* _Your instructions_:
Only one stretch of the listing below is wanted. Begin at the line that has "Светодиодный занавес Laitcom", stop after the line that has "REAL FUR! Vintage", and repeat every line in between exactly.

* _Materials provided_:
+-------+
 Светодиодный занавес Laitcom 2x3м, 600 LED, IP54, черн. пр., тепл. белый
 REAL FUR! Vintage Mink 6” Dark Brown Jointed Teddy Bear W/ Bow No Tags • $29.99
+-------+
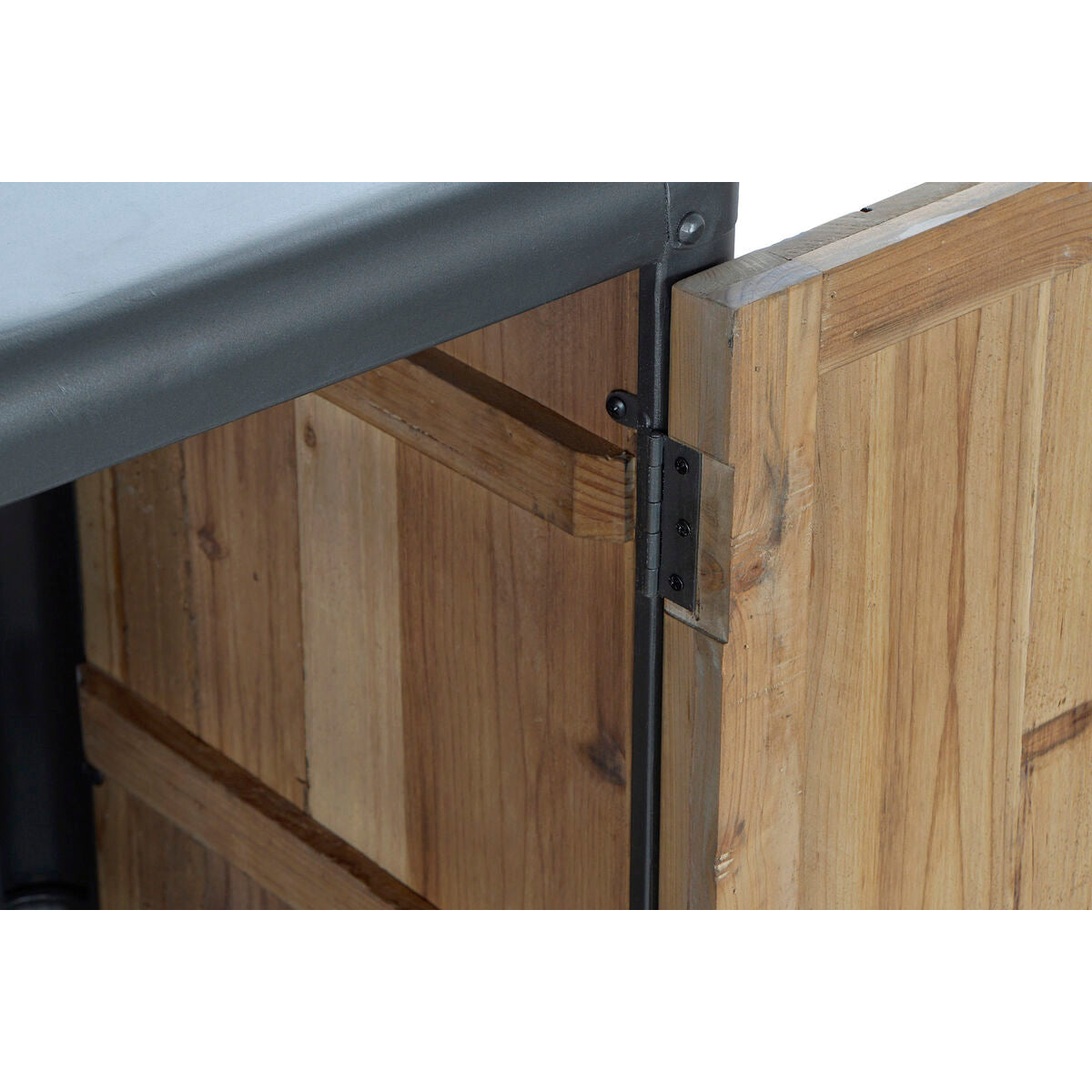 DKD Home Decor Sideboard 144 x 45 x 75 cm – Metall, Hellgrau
+-------+
* _Response to the exercise_:
 Светодиодный занавес Laitcom 2x3м, 600 LED, IP54, черн. пр., тепл. белый
 REAL FUR! Vintage Mink 6” Dark Brown Jointed Teddy Bear W/ Bow No Tags • $29.99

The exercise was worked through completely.